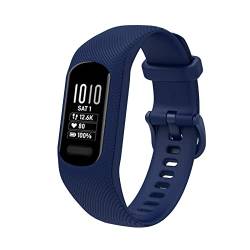 honecumi Armbänder Kompatibel mit Garmin vivosmart 5 Ersatzarmband Damen Herren, Weiches Silikon Klassisches verstellbares Sport Wechselarmband Zubehör Stilvolles Armband，Klein/Navy von honecumi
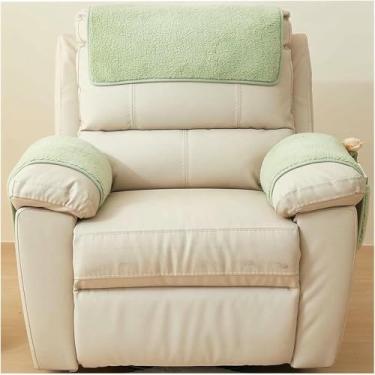 Imagem de Capas de apoio de braço de sofá em lã sherpa com base antiderrapante e bolso de armazenamento. Capas para apoio de braço de poltrona reclinável.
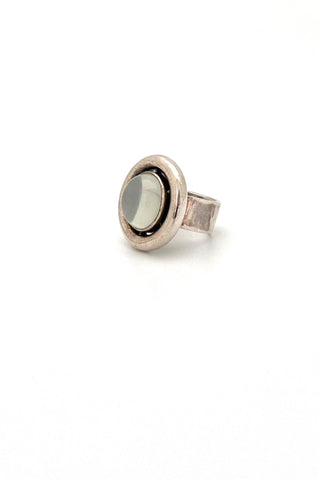 Walter Schluep Canada vintage silver large round ring moonstone Canadian Modernist jewelry design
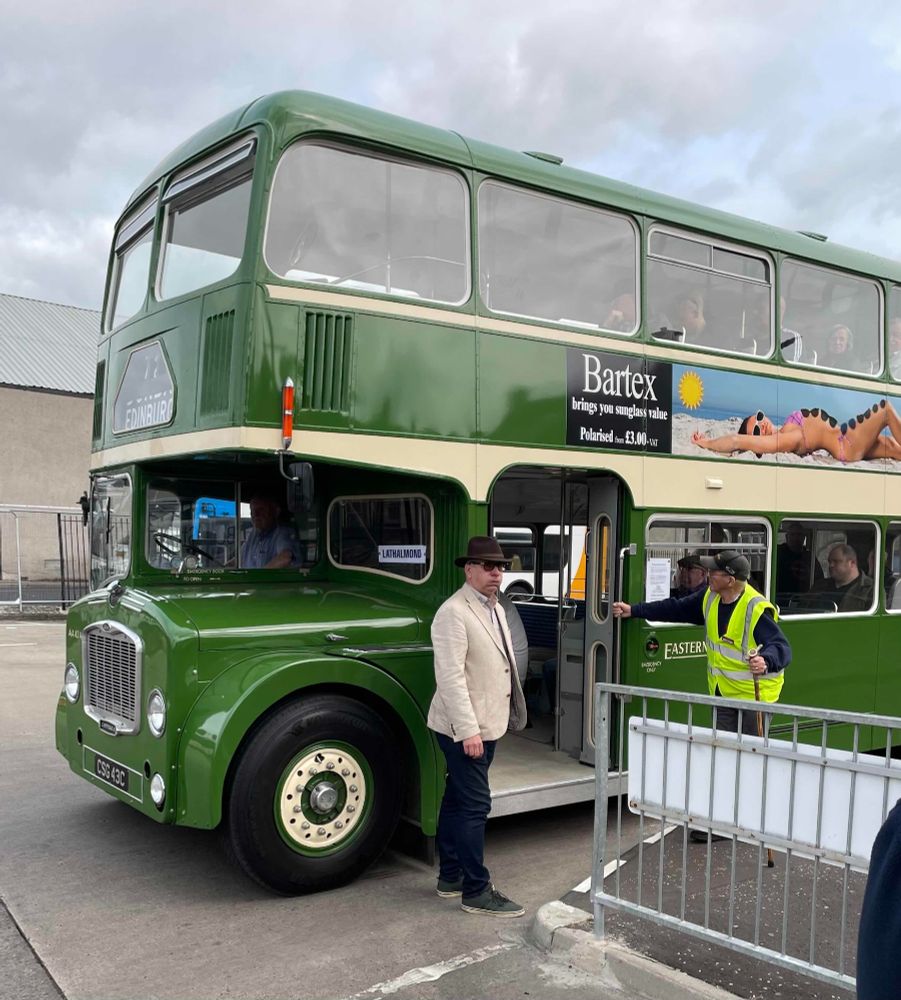 A vintage double decker bus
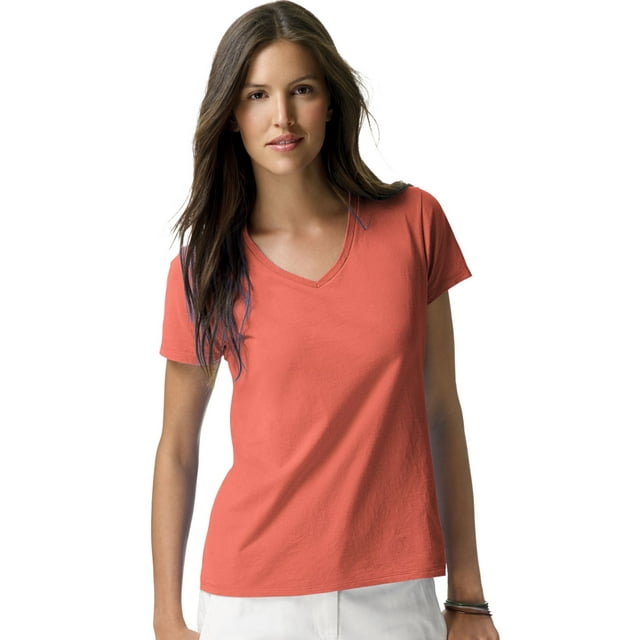 Hanes T-Shirt à Col en V Nano-T pour Femmes, TP, Orange Vintage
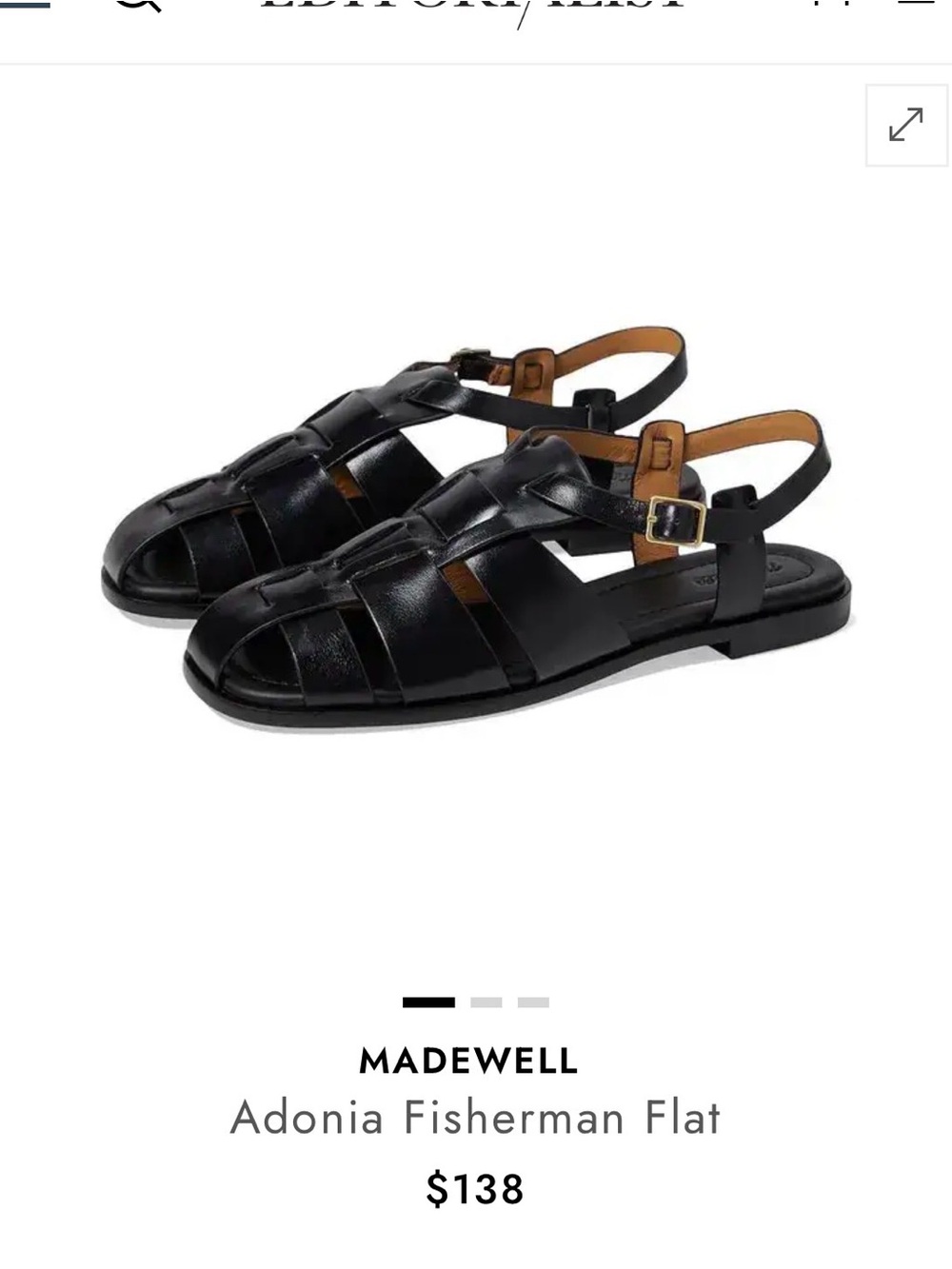 Madewell Adonia Black Leather Fisherman Sandals size 8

########################################

● EXERCISE GOAL: Pictures are to be left out; otherwise, retype exactly the lines from the first line of the data through the line containing "Imagem de Capas".

● RESPONSE BELOW:
 honecumi Armbänder Kompatibel mit Garmin vivosmart 5 Ersatzarmband Damen Herren, Weiches Silikon Klassisches verstellbares Sport Wechselarmband Zubehör Stilvolles Armband，Klein/Navy von honecumi
 Imagem de Capas de apoio de braço de sofá em lã sherpa com base antiderrapante e bolso de armazenamento. Capas para apoio de braço de poltrona reclinável.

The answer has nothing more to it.